Task objective ▸ In the records below, find the line that holds "Blue Print Engine". Restate it and every later line exactly, stopping at the end and skipping pictures.

Data under study ▸
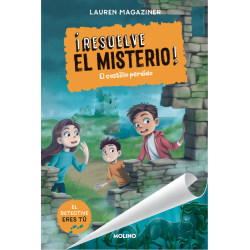 RESUELVE EL MISTERIO 7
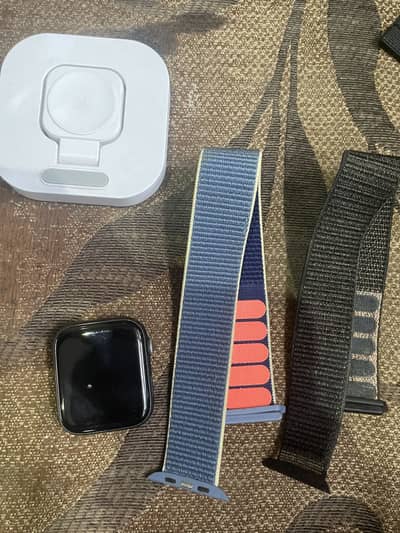 Apple Watch series 4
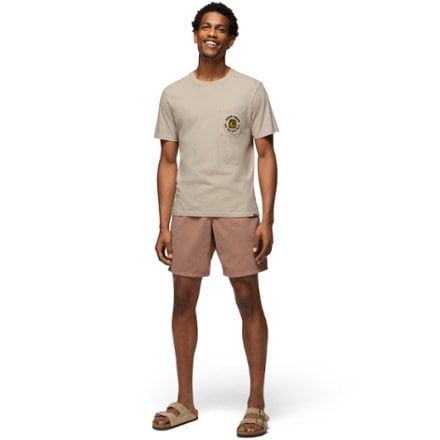 prAna Durado Shorts - Men's 3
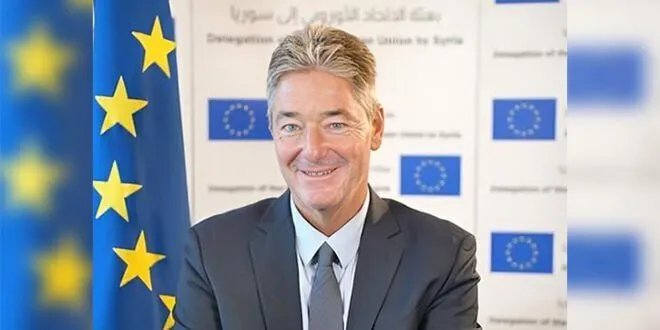 أونماخت: مشاركة سوريا في الأمم المتحدة تفتح آفاقاً دبلوماسية جديدة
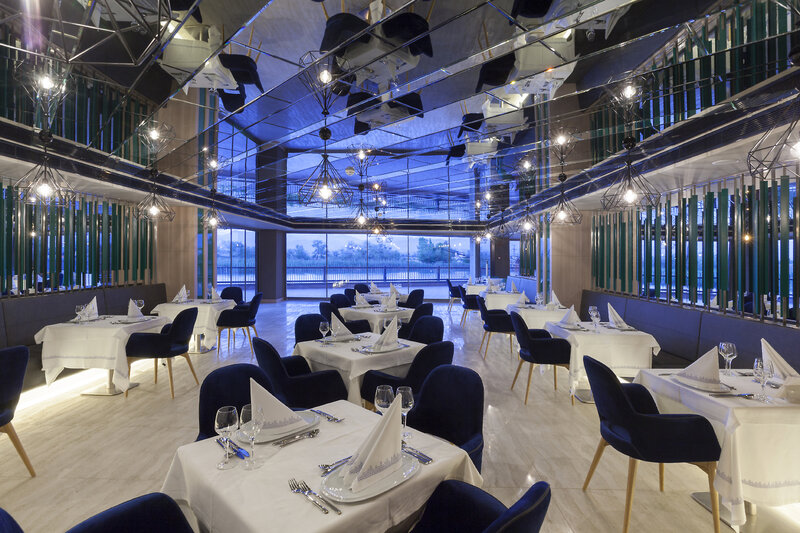 Bosphorus Sorgun Hotel 19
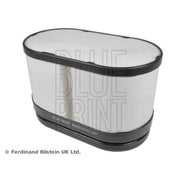 Blue Print Engine Air Filter fits Hummer H2 Closed Off-Road Vehicle 2003-2004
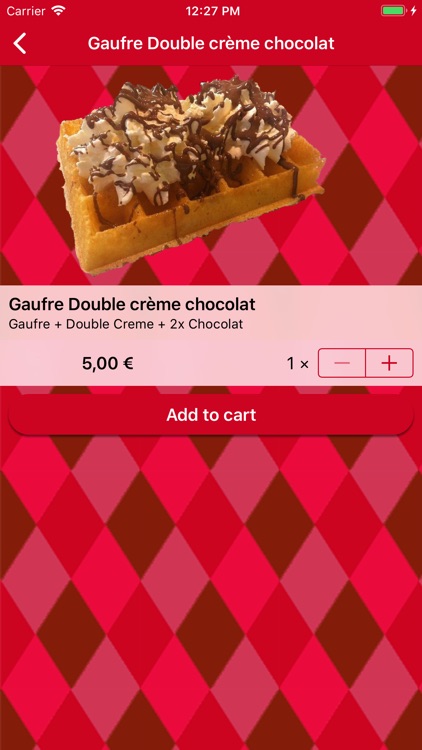 Jean la Gaufre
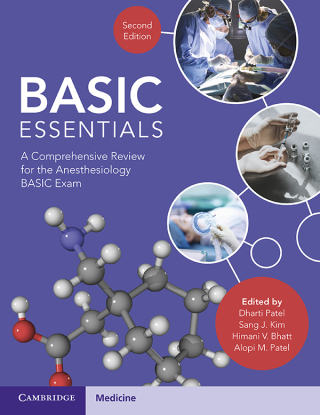 Cover image: BASIC Essentials 2nd edition 9781009334808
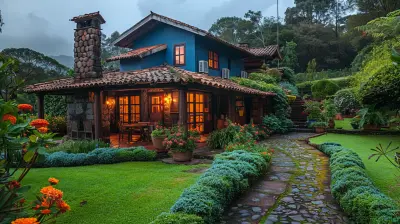 The Art Of Negotiation Getting The Best Price While House Hunting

Answer space ▸
 Blue Print Engine Air Filter fits Hummer H2 Closed Off-Road Vehicle 2003-2004
 Jean la Gaufre
 Cover image: BASIC Essentials 2nd edition 9781009334808
 The Art Of Negotiation Getting The Best Price While House Hunting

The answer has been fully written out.